Problem to solve: In this exercise, copy exactly the lines from the one that contains "Sparkly Light Blue" through the end of the entries below; pictures are not copied.

=== Begin Enclosure ===

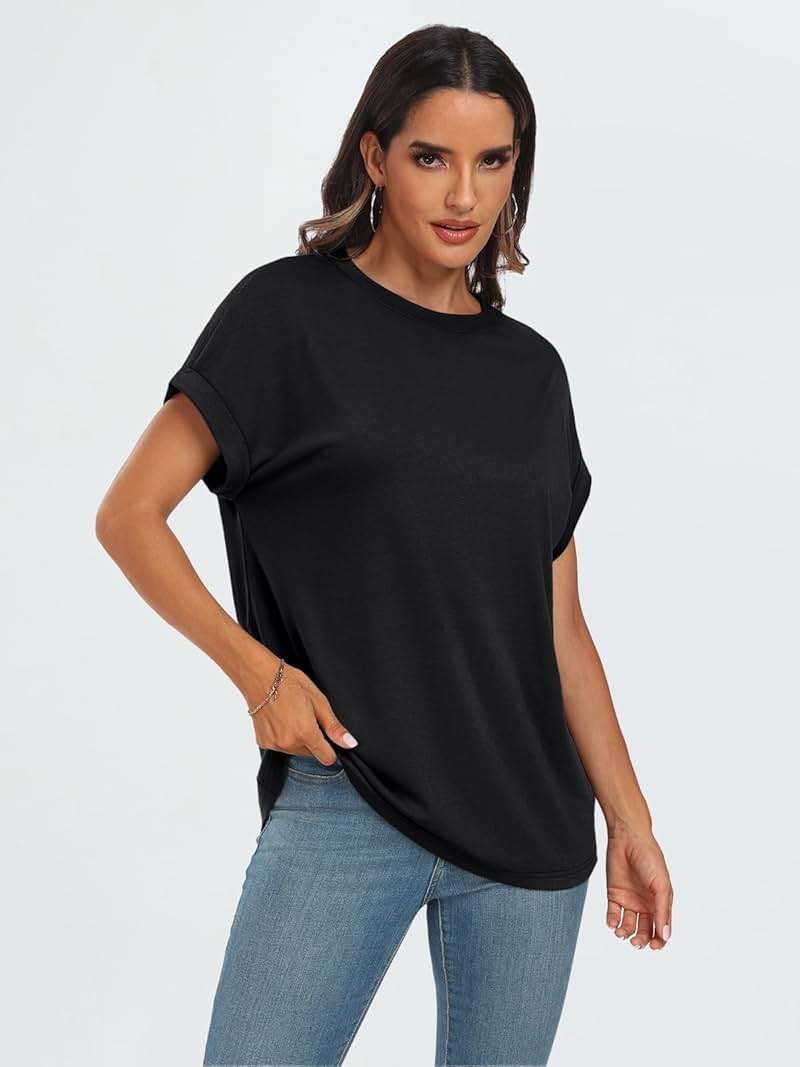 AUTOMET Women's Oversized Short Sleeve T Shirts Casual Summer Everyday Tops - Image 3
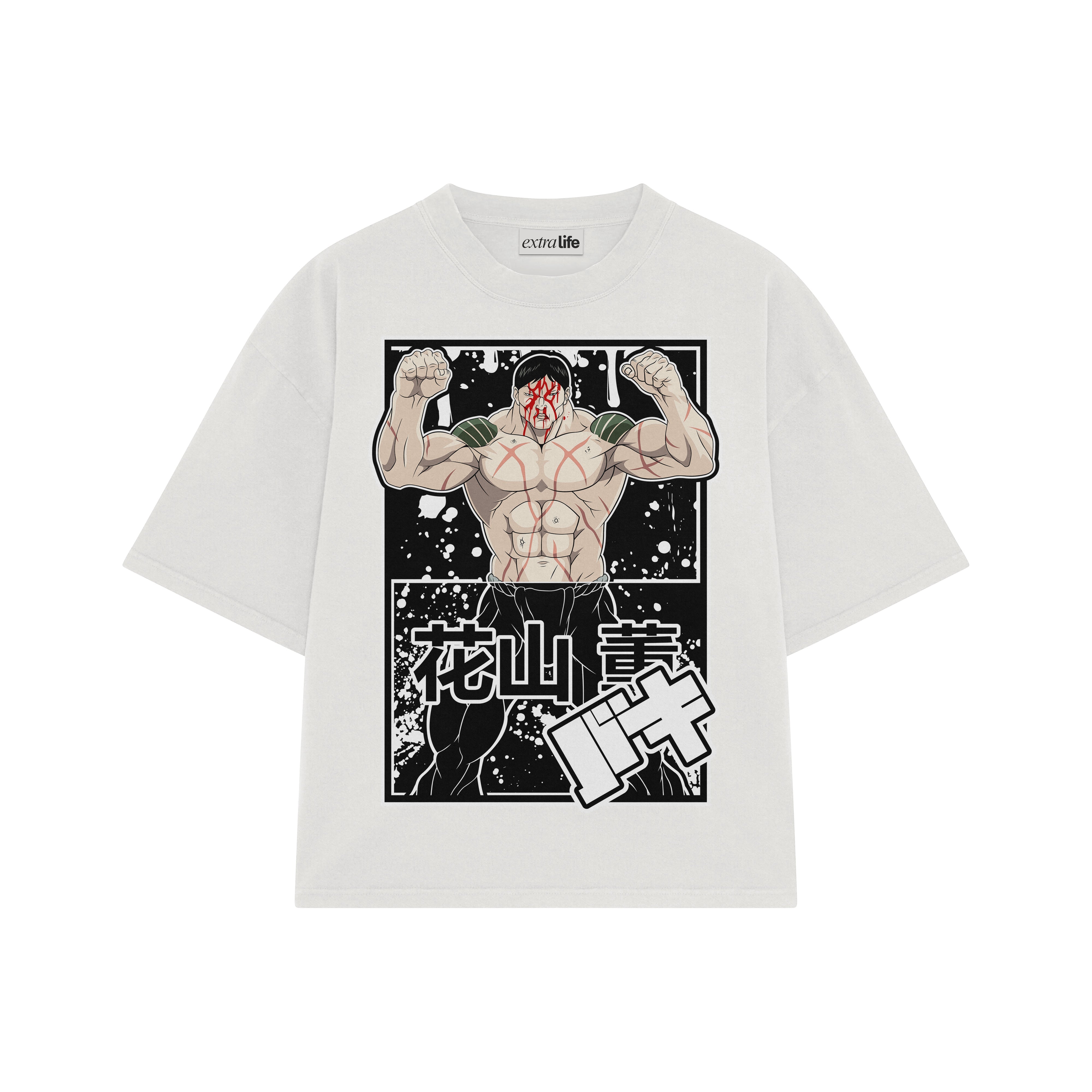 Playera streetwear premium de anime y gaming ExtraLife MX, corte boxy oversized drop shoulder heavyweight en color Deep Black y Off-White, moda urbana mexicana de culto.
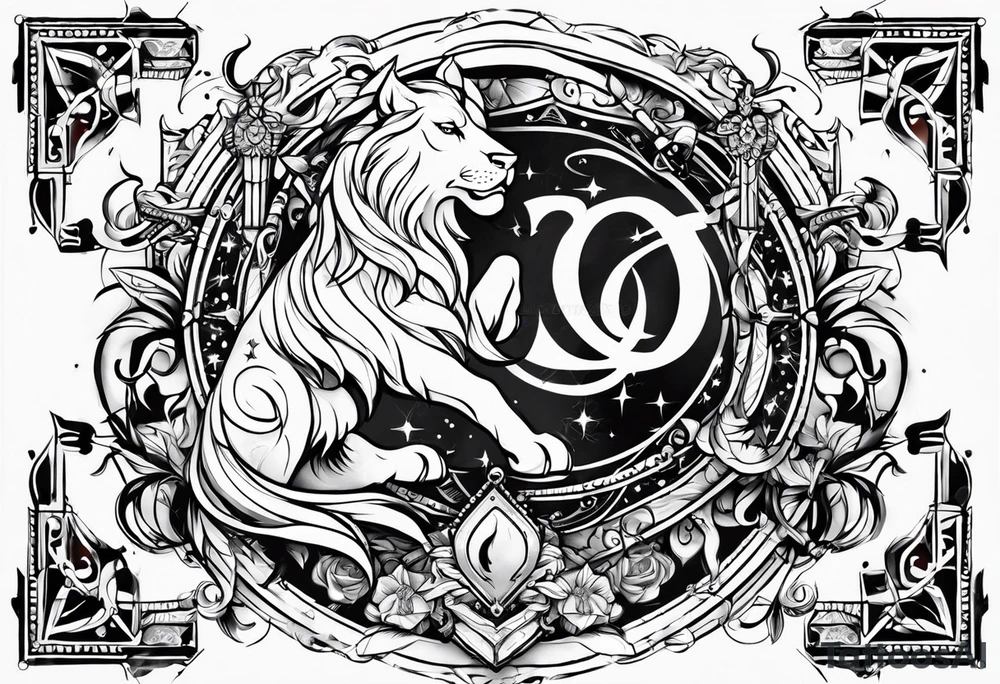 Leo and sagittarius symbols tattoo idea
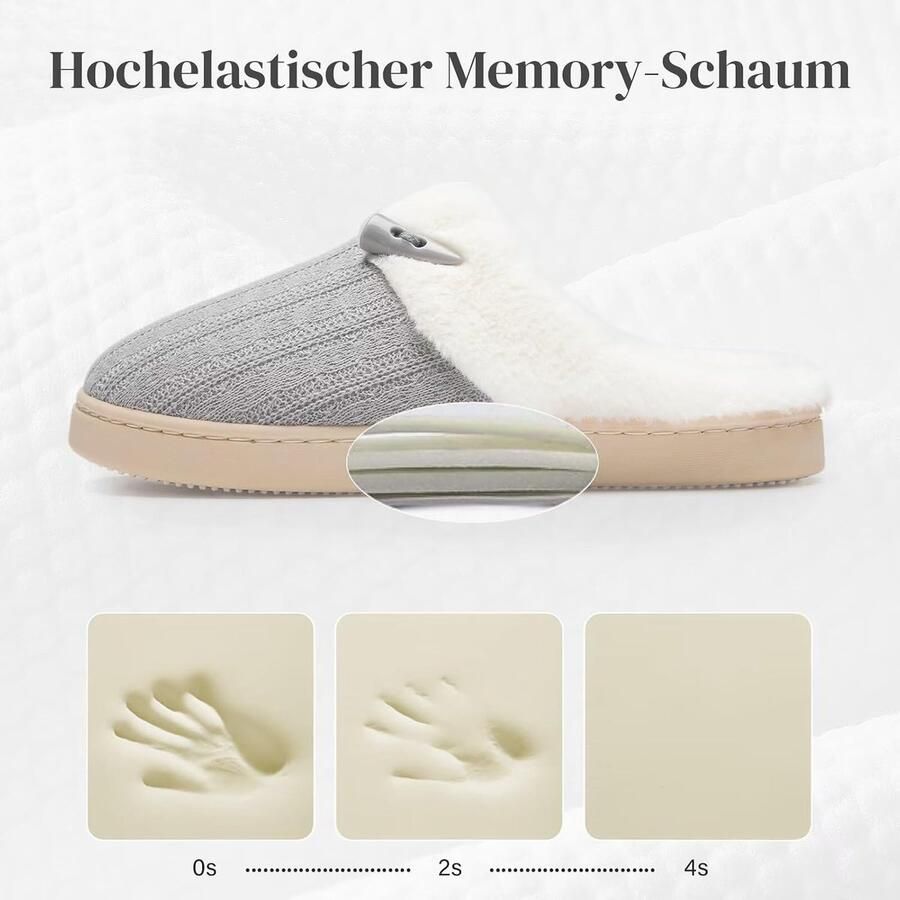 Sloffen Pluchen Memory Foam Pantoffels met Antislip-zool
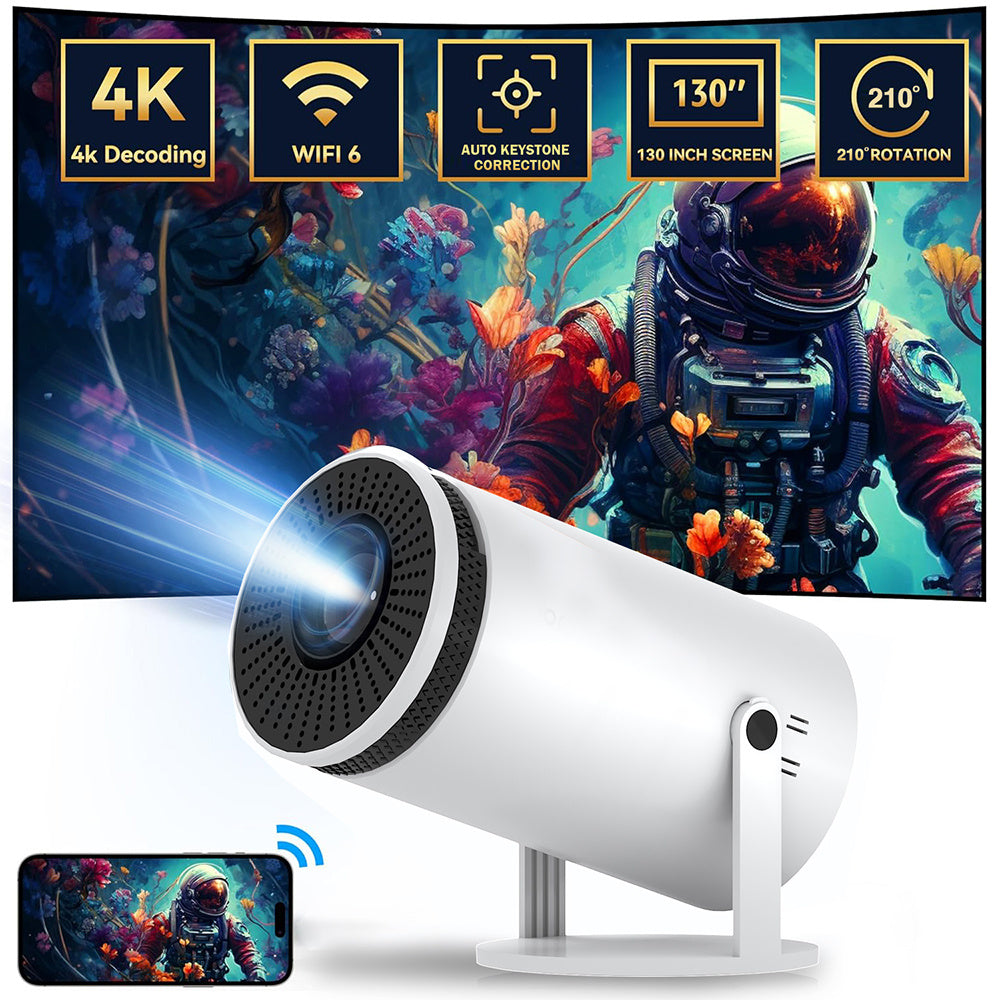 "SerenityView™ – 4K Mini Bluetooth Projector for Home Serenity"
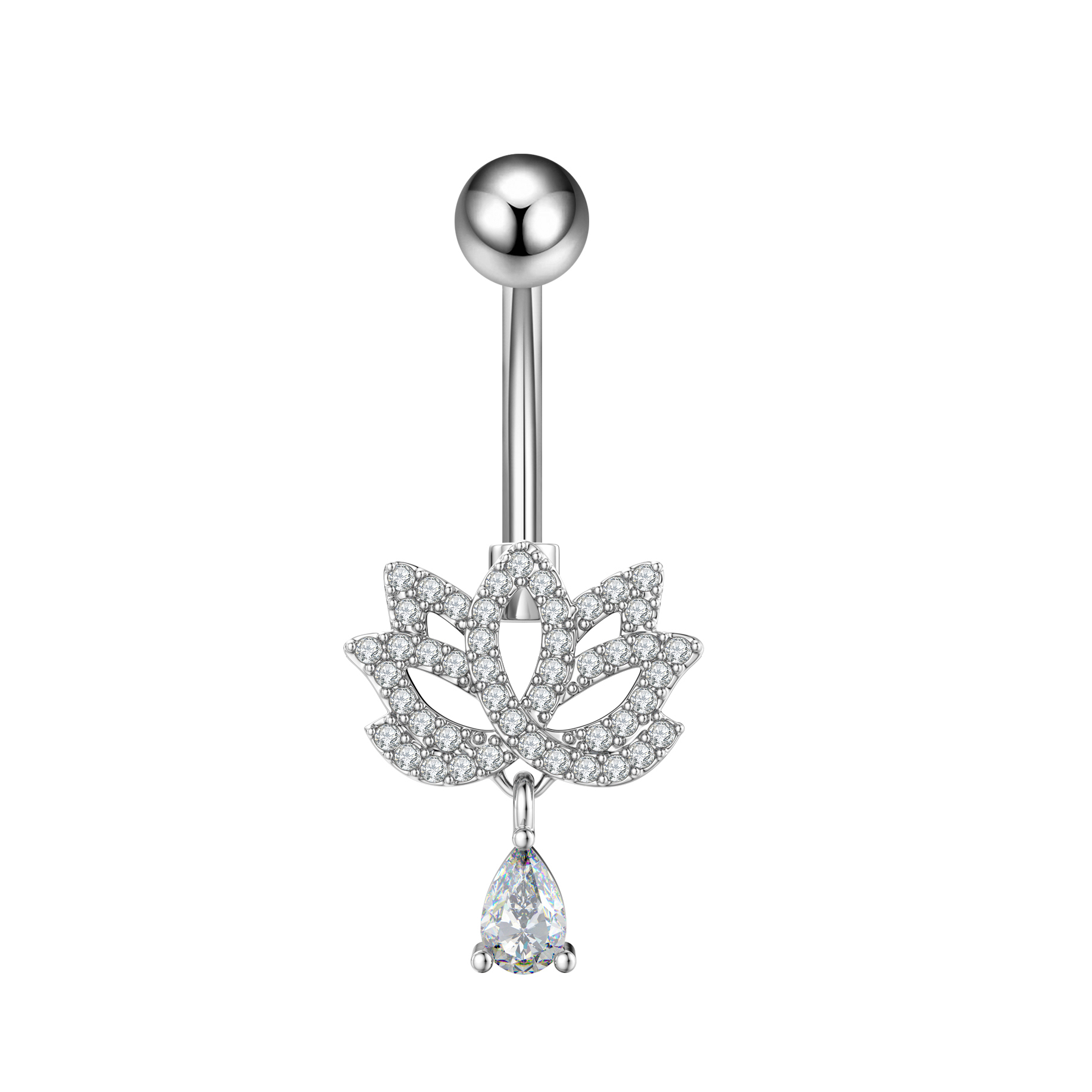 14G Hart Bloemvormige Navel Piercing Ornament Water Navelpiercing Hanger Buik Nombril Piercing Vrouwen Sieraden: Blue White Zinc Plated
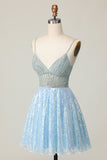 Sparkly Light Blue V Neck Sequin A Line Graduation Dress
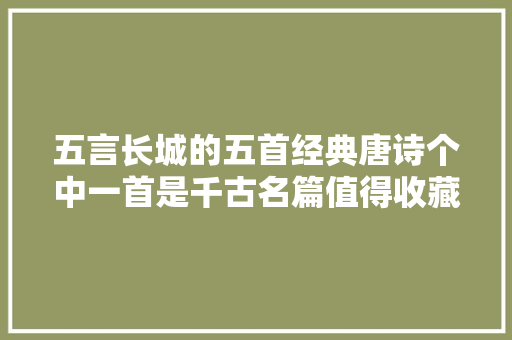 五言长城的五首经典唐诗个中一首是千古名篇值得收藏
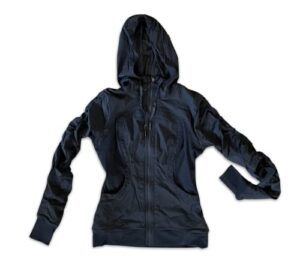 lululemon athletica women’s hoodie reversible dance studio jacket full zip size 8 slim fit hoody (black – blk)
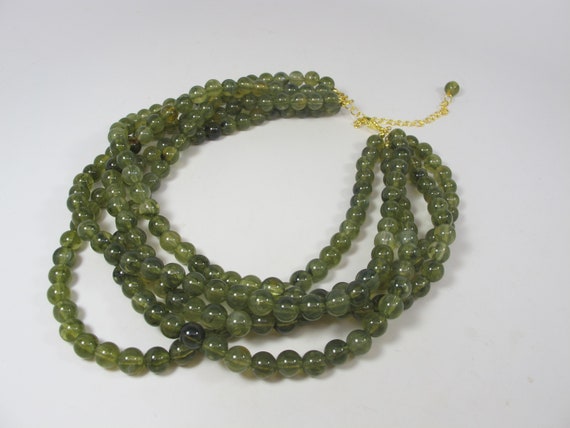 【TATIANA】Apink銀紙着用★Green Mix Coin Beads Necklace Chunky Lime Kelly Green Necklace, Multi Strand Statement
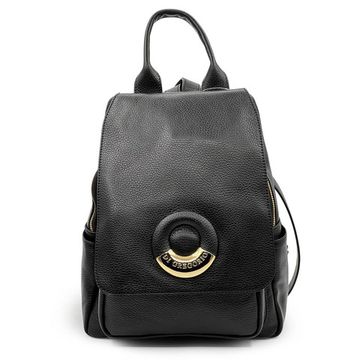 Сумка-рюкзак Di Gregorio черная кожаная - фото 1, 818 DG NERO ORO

=== End Enclosure ===

Your solution:
 Sparkly Light Blue V Neck Sequin A Line Graduation Dress
 五言长城的五首经典唐诗个中一首是千古名篇值得收藏
 lululemon athletica women’s hoodie reversible dance studio jacket full zip size 8 slim fit hoody (black – blk)
 【TATIANA】Apink銀紙着用★Green Mix Coin Beads Necklace Chunky Lime Kelly Green Necklace, Multi Strand Statement
 Сумка-рюкзак Di Gregorio черная кожаная - фото 1, 818 DG NERO ORO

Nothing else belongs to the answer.